• [Problem requirements] Find "Roulement de roue VKBA 6710 SKF, Vignette 3" in the entries below; copy that line through the last, exactly, with no pictures.

* * *

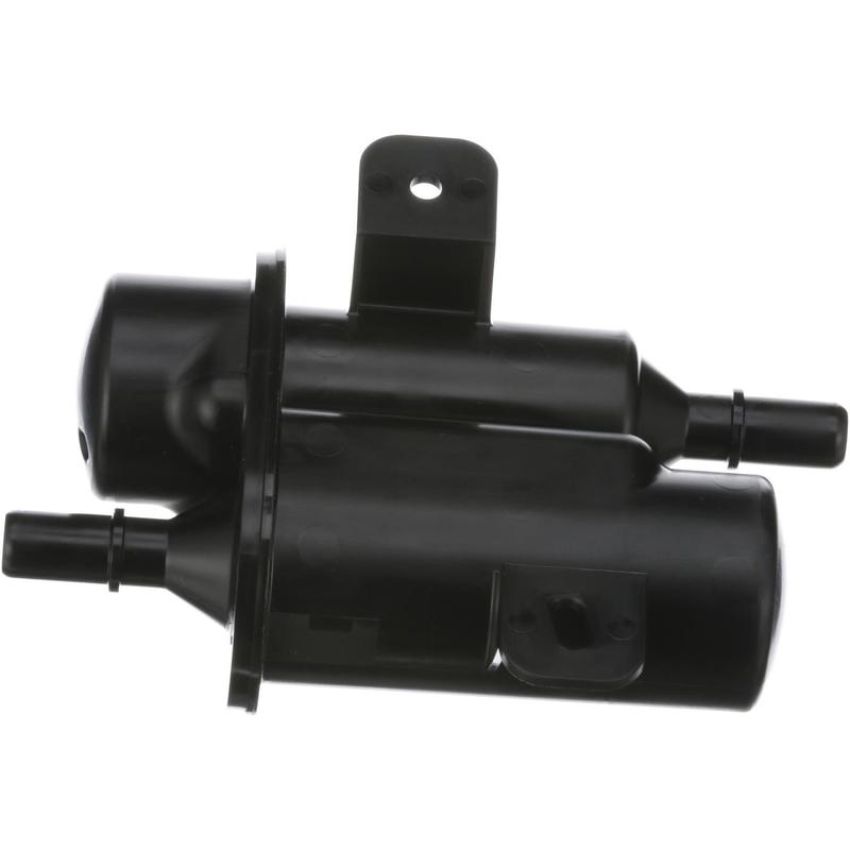 Standard Ignition CP3785 Fuel Vapor Canister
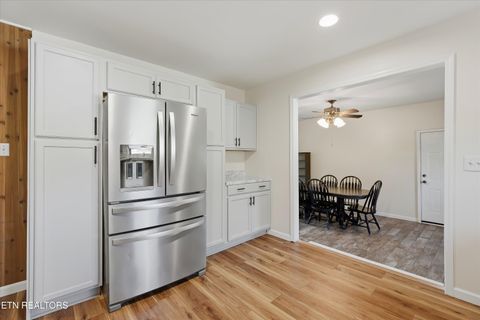 Tiny photo for 5321 Roberts Rd, Corryton, TN 37721 (MLS # 1339665)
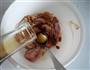 香菇木耳蒸鸡腿的做法图解6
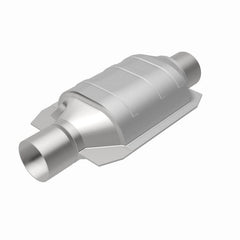 MAG Universal Converter - Black Patch Performance - MAGN94139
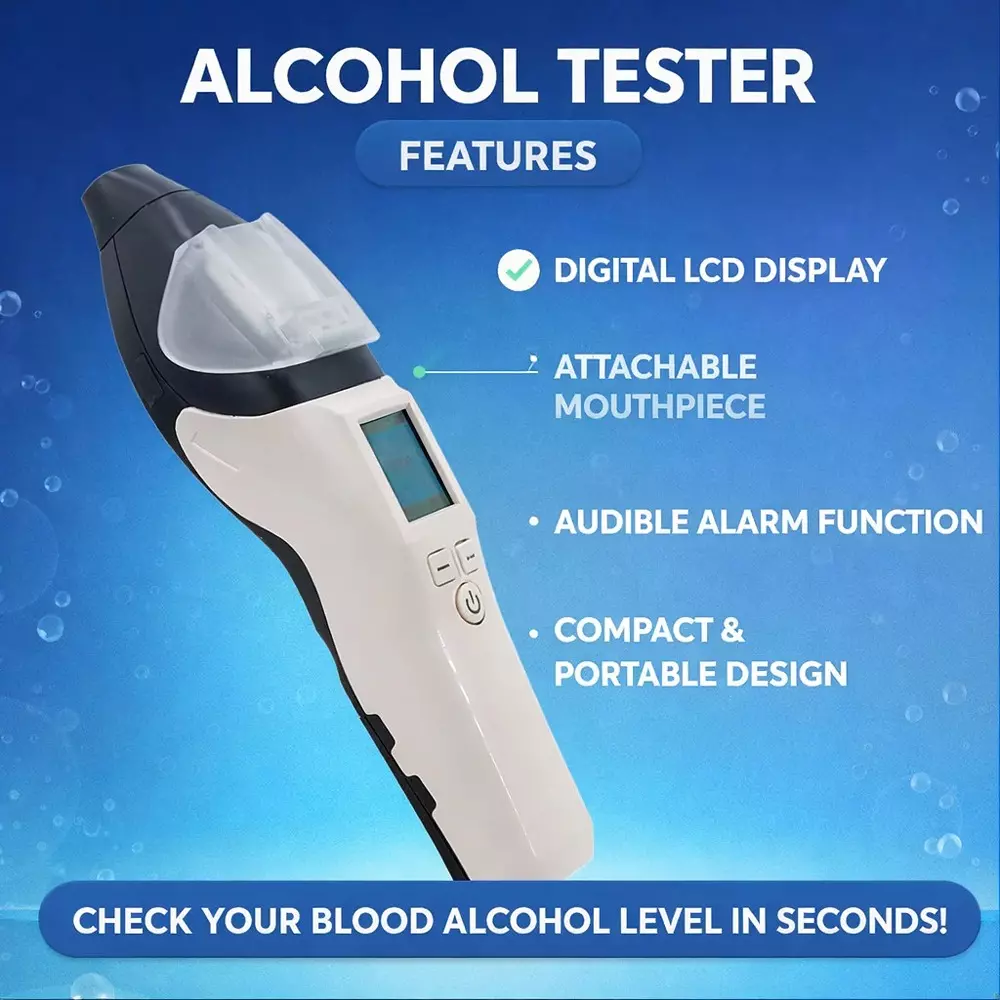 generic-alcohol-breath-analyzer-at7000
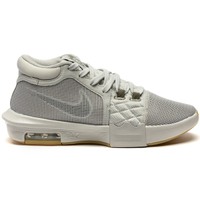 Tênis Nike LeBron Witness 8 Masculino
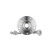 Roulement de roue VKBA 6710 SKF, Vignette 3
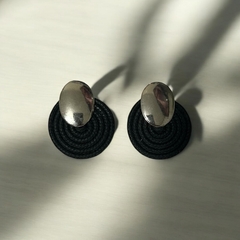 BRINCO CLARA DN - SANTEÉ Brand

* * *

• [Response]
 Roulement de roue VKBA 6710 SKF, Vignette 3
 BRINCO CLARA DN - SANTEÉ Brand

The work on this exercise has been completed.